The rate for the 10-year Treasury note has been rising since mid-May, swaying the dynamics of net lease transactions. In the past few decades, hikes in rates have been relatively rare and brief. The most recent increase “clearly impacts single-tenant net lease transactions,” says Bill Hughes, senior  vice president and managing director at Marcus and Millichap Capital Corp. in Irvine, Calif. The impact is more pronounced on the pricing of investment-grade properties that have lower cap rates, Hughes says, though other properties may also see prices move.

“You may see a slowdown in investment grade for a few weeks until both sellers and buyers accept the new world,” Hughes says of the upswing in rates. “I think they will come back together.”

Effects of the rate hike may spread throughout the network of net lease stakeholders. Developers may see profits fall, and “you've got to wonder whether the economic dynamics for those companies will remain the same and whether they’ll continue to be as aggressive in developing properties and expanding their product line,” says Hughes.

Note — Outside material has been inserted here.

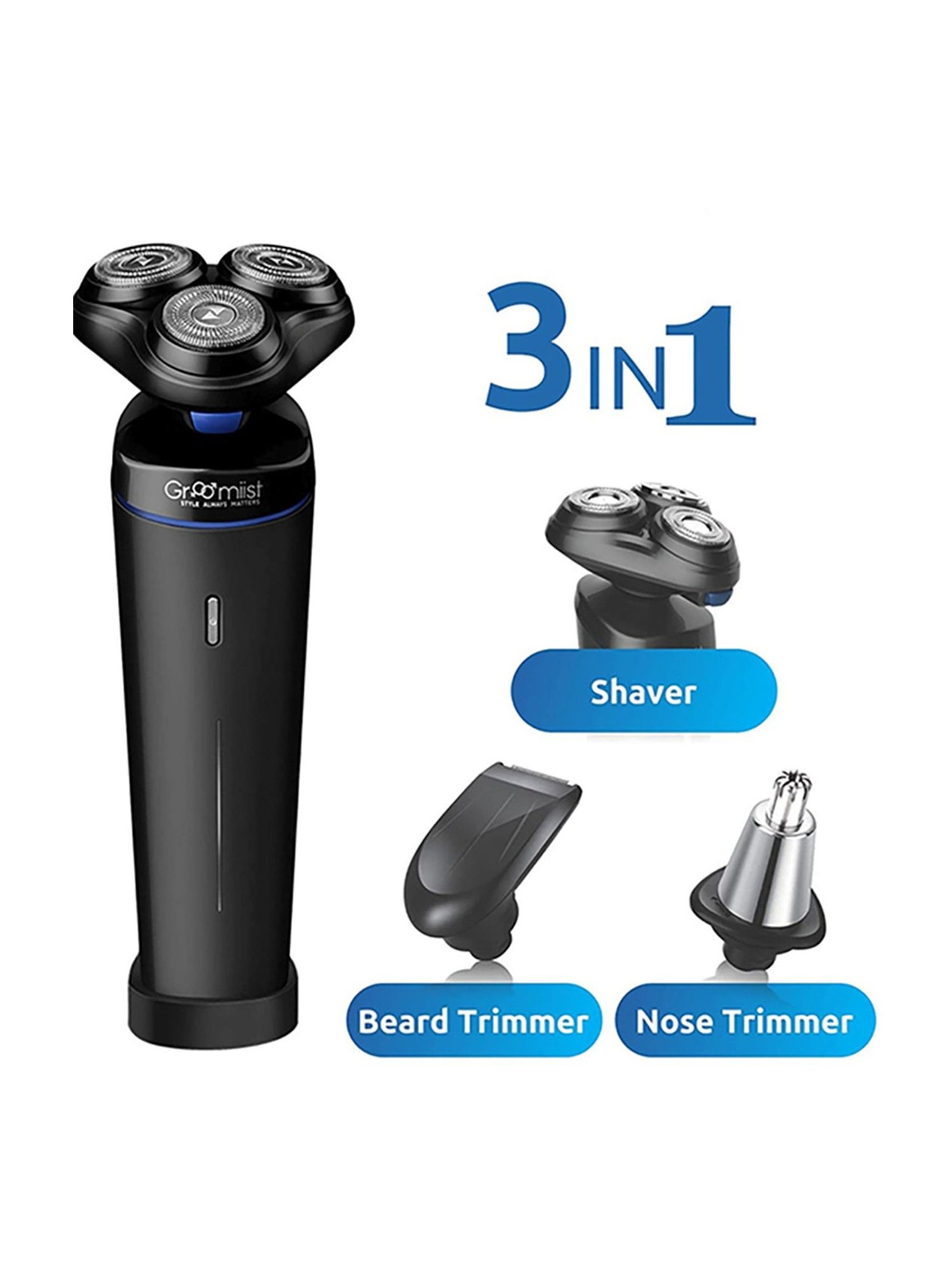 Groomiist PST-501 Platinum Series Cordless 3 in 1 Grooming Kit - 90 Min Runtime (Black)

“If interest rates go up, our borrowing costs go up, and we’d like to maintain a certain spread and profitability,” says Gregg Seibert, senior vice president of investments at Spirit Realty Capital in Scottsdale, Ariz.

Eventually, buyers and sellers will come to absorb the impact, and landowners and the construction industry will feel ripples as well. “It’s going to have some multiplying effect on the market,” Hughes says.

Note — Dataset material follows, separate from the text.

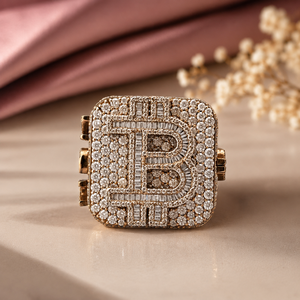 18ct Rose Gold Diamond <b>Initial</b> B Statement <b>Ring</b> for Men Luxury High Polish Baguette Design Wedding Party Gift Jewellery - Product Image 1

The effect has already become evident on stocks of net-lease REITs, such as National Retail Properties and Realty Income Inc. Both have seen declines over the past weeks. Stock values of the five largest net-lease REITs fell 11 percent from May 21 to June 18, according to the Wall Street Journal.

A June 18 Wall Street Journal article highlighted the decrease in stock values and cited concerns among some investors that REIT managers may be challenged to attract new tenants in the event that a retailer could vacate numerous properties.

“There are a lot of new companies in this space that are not time tested,” Jerry Ehlinger, a chartered financial analyst and seasoned member of Deutsche Asset & Wealth Management’s RREEF real estate division, said in the article.

In the longer term, most economists expect the Federal Reserve to slow down on quantitative easing later in the year, says Hughes. It’s likely that the market already reflects that expectation, but even greater pullback could occur if the economy continues to grow into 2014, and interest rates could climb even higher.

“I think everyone believes that in 2014 we’re going to see a continuing increase in interest rates,” Hughes says. “That will put additional strain on values, particularly in investment-grade single-tenant transactions.”

The lowest-price products with the lowest cap rates are likely to feel the greatest impact, Hughes says, with investors eventually adjusting to the changes and resuming trading after accepting the new circumstances.